Il y a bien des stages dans des SSII mais c'est pas la folie non plus et bien souvent sur des technos un peu dégueulasse (oui, je parle de vous, J2EE, PHP-crade…)
Bref, ce n'est pas une situation simple…
Mais bon… une fois rentré dans le rang et avec un peu de recul, c'est dur de ne pas voir ça comme une certaine exploitation dans le sens où il me semble important de continuer à se battre pour ne pas que ce genre de situation ne dégénère encore plus mais qu'au contraire la situation évolue dans le bon sens.
… même si cela représente un progrès par rapport à la situation du stagiaire avant son stage…
Après, pour continuer sur les HS aujourd'hui… Ma femme qui est en 6ième année de médecine (externe), ses stages c'est pareil. Elle est en hôpital la moitié de la semaine, elle fait des gardes de 24h sans ronfler parfois le week-end et à la fin du mois, c'est en gros 100€ qui tombe et un concours qui décide de tout en fin d'année… Tout ça parce que “oui, nous avant on était même pas payé et nous aussi on avait l'ecn.”.
Merde les gars, votre loyer représentait un dixième de smic, la bouffe était moins chère et on avait moins d'exigence de performance que maintenant. Pour reprendre l'exemple des médecins, oui, ils faisait déjà des gardes, mais eux à leur époque il avait le temps de ronfler car il y avait assez de médecins, infirmières et aide soignantes dans les services… maintenant, les externes qui font des gardes c'est 24h de rush. À peine le temps de bouffer, pas le temps de roupiller encore moins de se laver… Et le lendemain / jour même la fac reprend…

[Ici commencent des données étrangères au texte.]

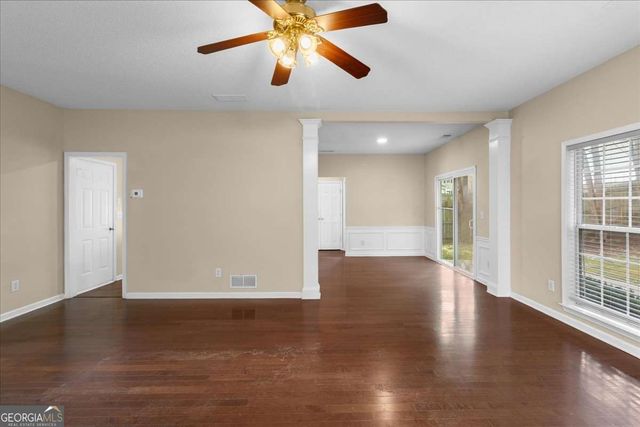 212 Ashland Drive, Woodstock, GA 30189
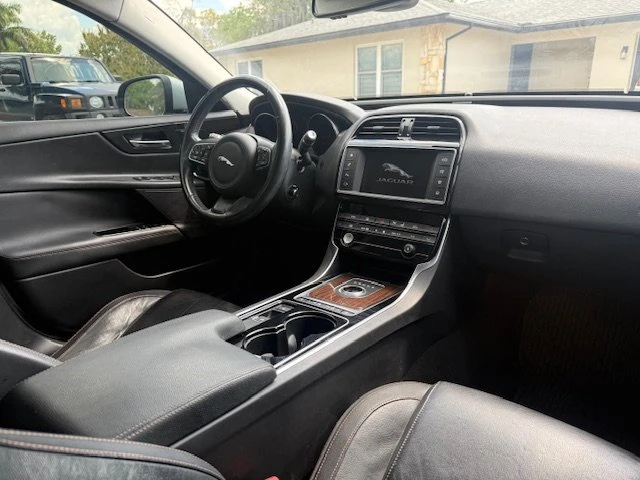 2017 Jaguar XE - Image 7 of 14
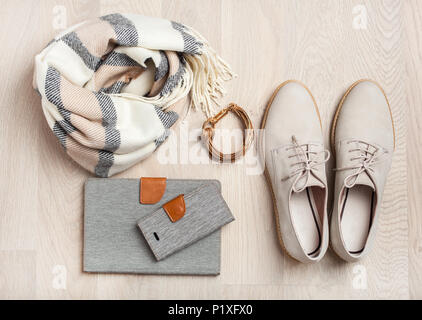 Frauen flach Kleidung Schuhe, Schal, Armband, Tablet, smartlphone. Fashion blog, Kleidung, Shopping Stockfoto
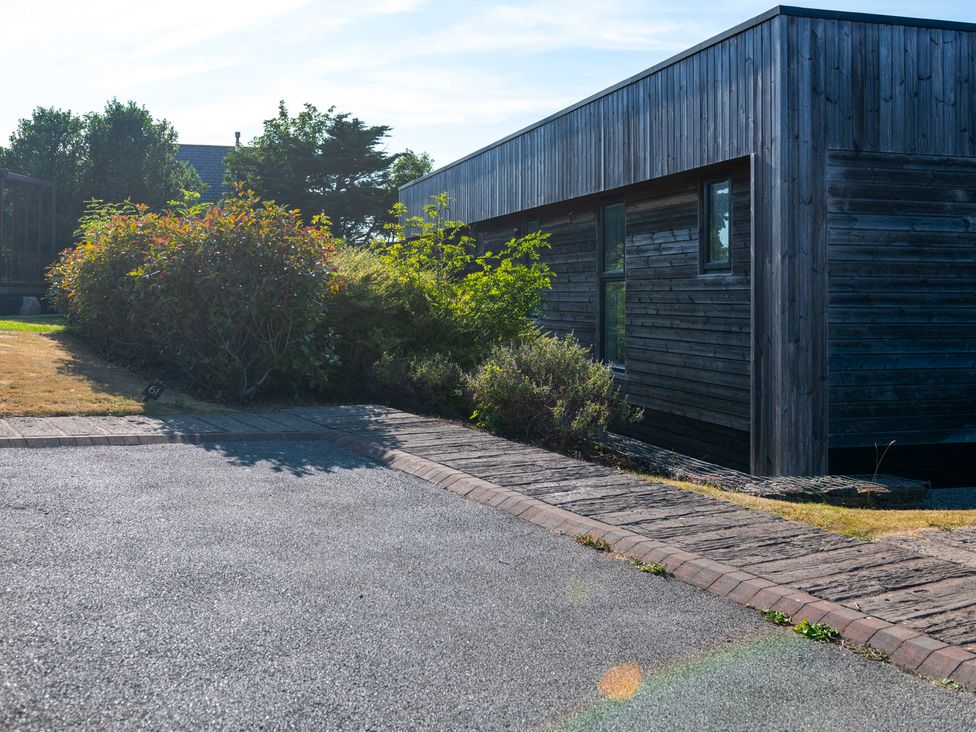 An outdoor area with a house and bushes at Barbara in Portreath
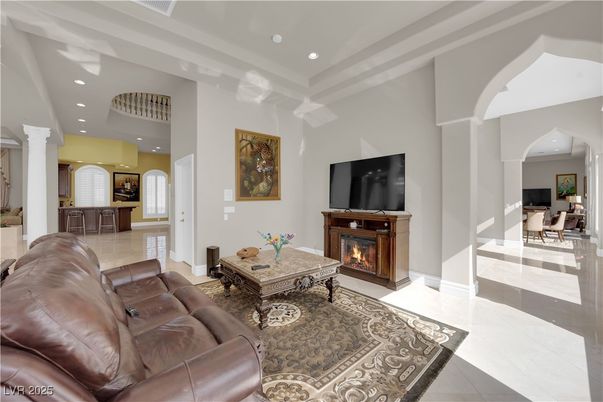 Fireplace, Interior, Living room, Recessed Lighting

C'est assez facile de faire un parallèle avec un stagiaire d'aujourd'hui qui n'est pas sûr d'avoir du taf après, qui s'il en a pourra être payé à coup de lance-pierre bien moins de 2000 boules par mois… somme qui aura du mal à payer son loyer, son quotidien, son crédit d'étude, ses aller-retour s'il a dû déménager…
J'ai bien peur que les gens ne se rendent pas compte des bombes en puissances qu'on crée en mettant des personnes dans ce genre d'état psychologique. D'ailleurs la réaction sur le sujet en est la preuve. On a une prose incisive qui est dans le vif, dans la chair. On est clairement avec des mecs qui s'exprime la boule au ventre.
Bref courages à eux deux. :D
je pense que la personne qui a écrit la réaction à chaud vis-à-vis de l'article du Monde a évidemment détesté d'entrer dans le rôle de la “victime”.
Mais pourtant c'est ce qu'elle est, à la fois de son employeur qui, bien qu'il ne se paie pas lui-même, aura une boîte qui roule grâce au travail de ses différents stagiaires à peine payés, et une victime d'un système qui chaque année met à la disposition des entreprises une main d’œuvre abondante et peu chère, servile par la nécessité pour elle de valider leur année par l'obtention du stage. Et j'ai fait 5 stages, donc je sais de quoi je parle.
Alors bien sûr nous pouvons considérer que ça n'est qu'un passage, mais dans la réalité les jeunes qui entrent sur le marché de l'emploi sont de plus en plus précaires avec un CDI qui tombe de plus en plus tardivement dans la vie profesionnelle. Et si récemment l'informatique était encore assez épargnée, ça pourrait ne pas toujours être le cas.